McCaskill echoed Murray's sentiments, also speaking about her World War II father who never told his family about his military decorations but did ensure his children always thanked those in uniform. She said it's the people, not the technology or phenomenal weapons systems, that make the military successful.
Reed and Rubio were awarded in absentia.
Col. Arthur T. Marix, namesake of the award, founded the Military Officers Association of America and served as its first president.
Distinguished Service Award
Paul J. Clark, general manager of Caterpillar Defense & Federal Products, and Maj. Gen. Timothy P. McHale, USA (Ret), president and director of Homes for Our Troops accepted the MOAA Distinguished Service Award for their service to veterans.
Currently Caterpillar employs more than 2,500 people with military experience who represent 5 percent of their workforce. The corporation also provides programs and enrichment for veterans, Guardmembers, Reservists, and their families.
McHale shared some of his experiences working to build and outfit accessible homes at no cost to severely wounded veterans and their families, "the ones who have protected our freedom," he said. Last year the organization built 20 homes; this year it plans to build 40. The organization also helps provide homes to medically retired veterans and Gold Star Wives and families and provides financial planning services to these new homeowners.

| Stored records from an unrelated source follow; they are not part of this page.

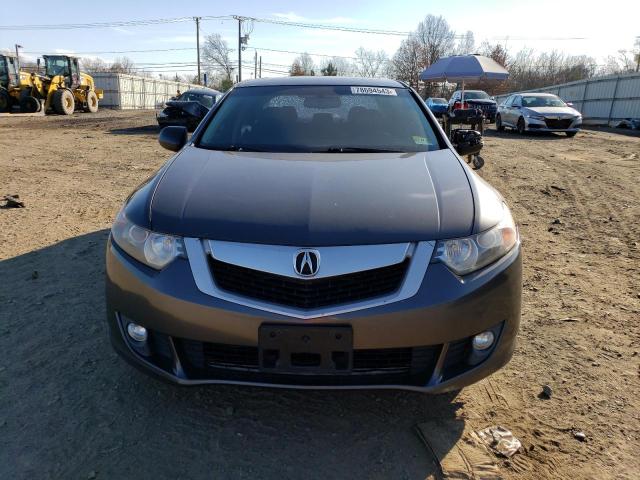 JH4CU26649C030301 - 2009 ACURA TSX GRAY photo 5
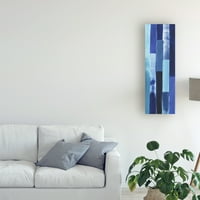 Zaštitni znak likovne umjetnosti' Azule Waterfall II ' platno Art Grace Popp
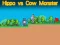 खेल Hippo vs Cow Monster ऑनलाइन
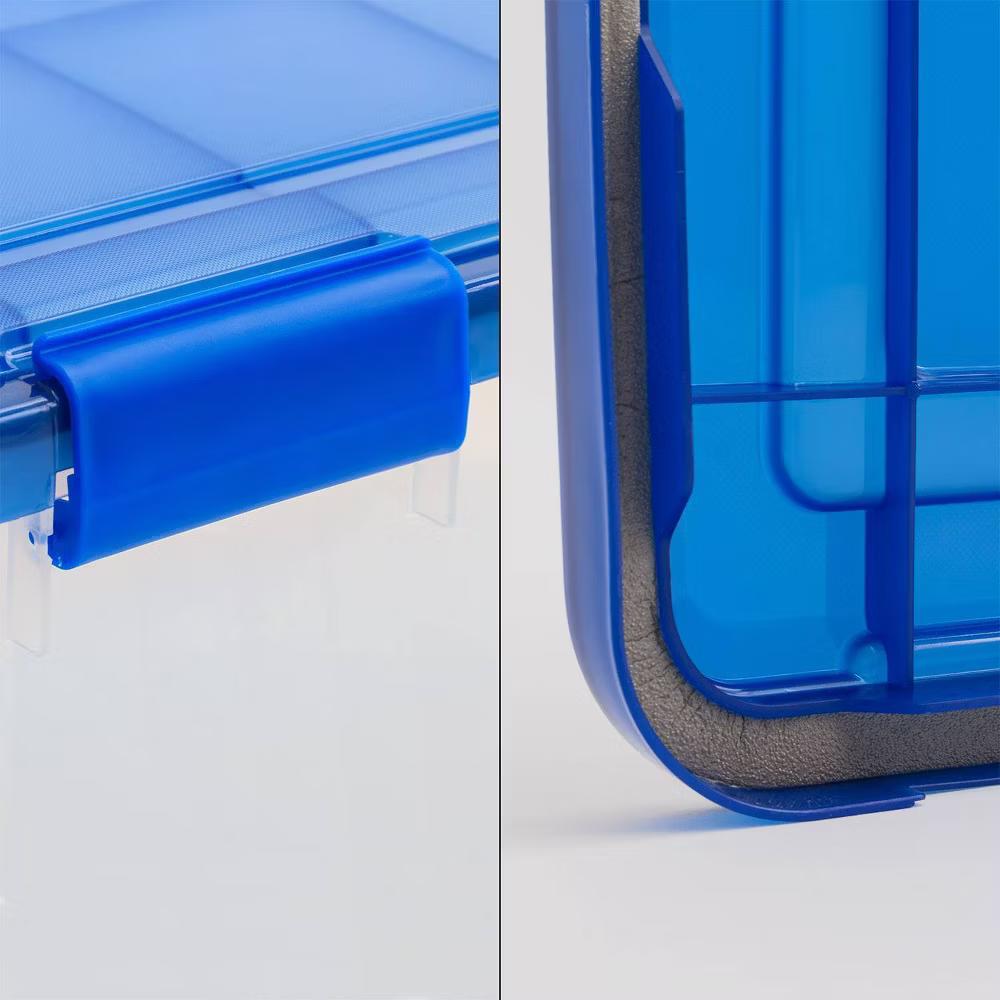 32qt WeatherPro Letter and Legal File Box - Image 4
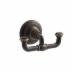 Kohler® Artifacts™ 72572 Double Brass Robe Hook, 4-7/8 inch x 2-5/8 inch x 2-5/8 inch, Oil-Rubbed Bronze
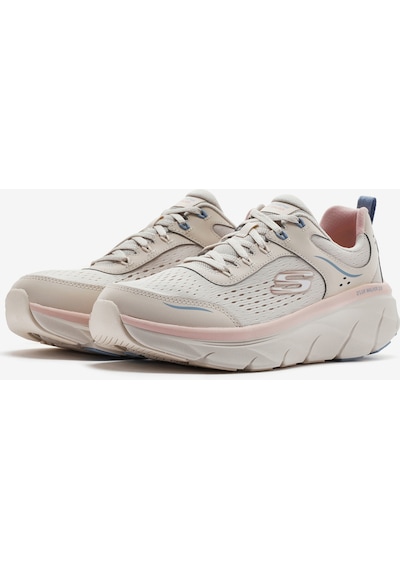 Skechers D'lux Walker 2.0 - Daisy Doll Kadın Bej Spor Ayakkabı 150093 Ntmt Bej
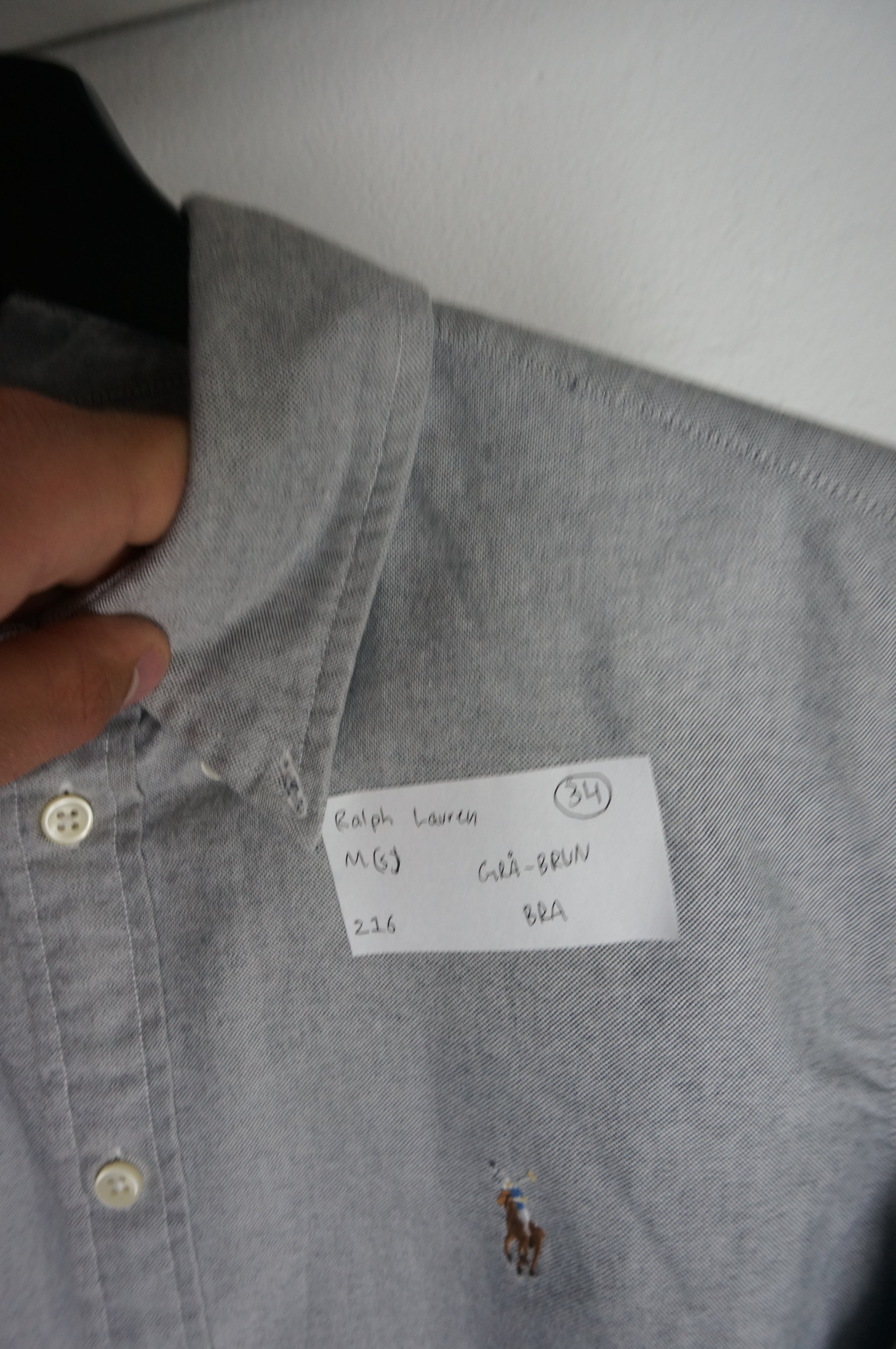 34 Ralph Lauren Skjorta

Arcari Meritorious Service Award
John Chapla, professional staff member of the House Armed Services Committee, and Kate Mevis, legislative assistant to Reed, received the Col. Paul W. Arcari Meritorious Service Award for congressional staff. Both thanked their staffs and expressed surprise to be recognized.

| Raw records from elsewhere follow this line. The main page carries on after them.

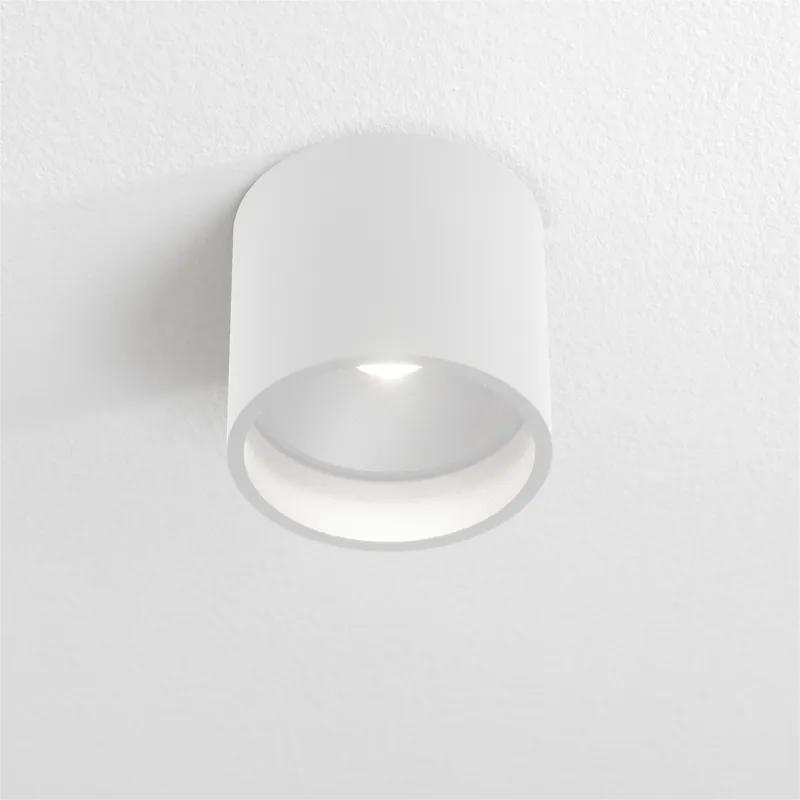 Artdelight Plafondlamp Ormond - Wit Uitverkoop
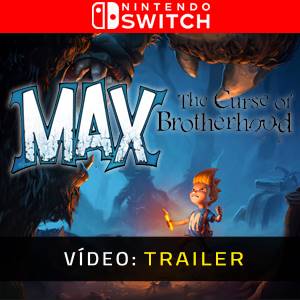 Max: The Curse of Brotherhood Trailer de Vídeo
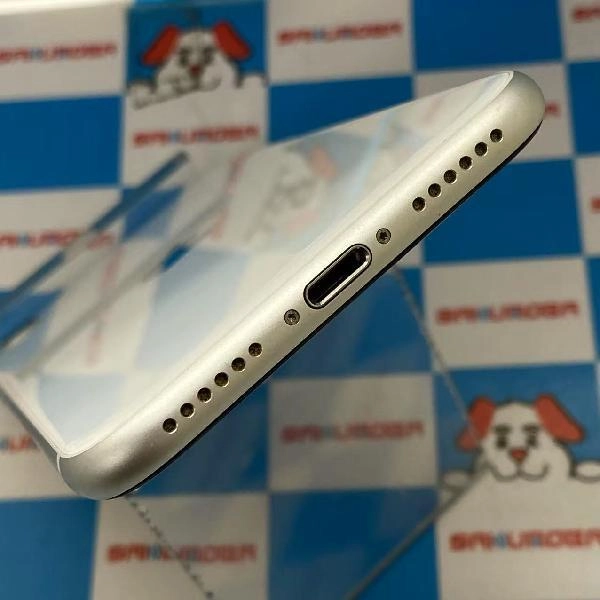iPhoneSE 第2世代 SoftBank版SIMフリー 128GB MXD12J/A A2296 ジャンク品 ホワイト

"You are in many ways our eyes and ears from a staff perspective," Chapla said of MOAA. "We can write a law. We can hope it works, but your experience out there in how it actually works is a valuable piece of intelligence to help us understand what needs to be fixed and how to correct the mistakes we made when we make mistakes."
The Meritorious Service Award is named for Col. Paul W. Arcari, USAF-Ret., who served at MOAA from 1985 to 2001.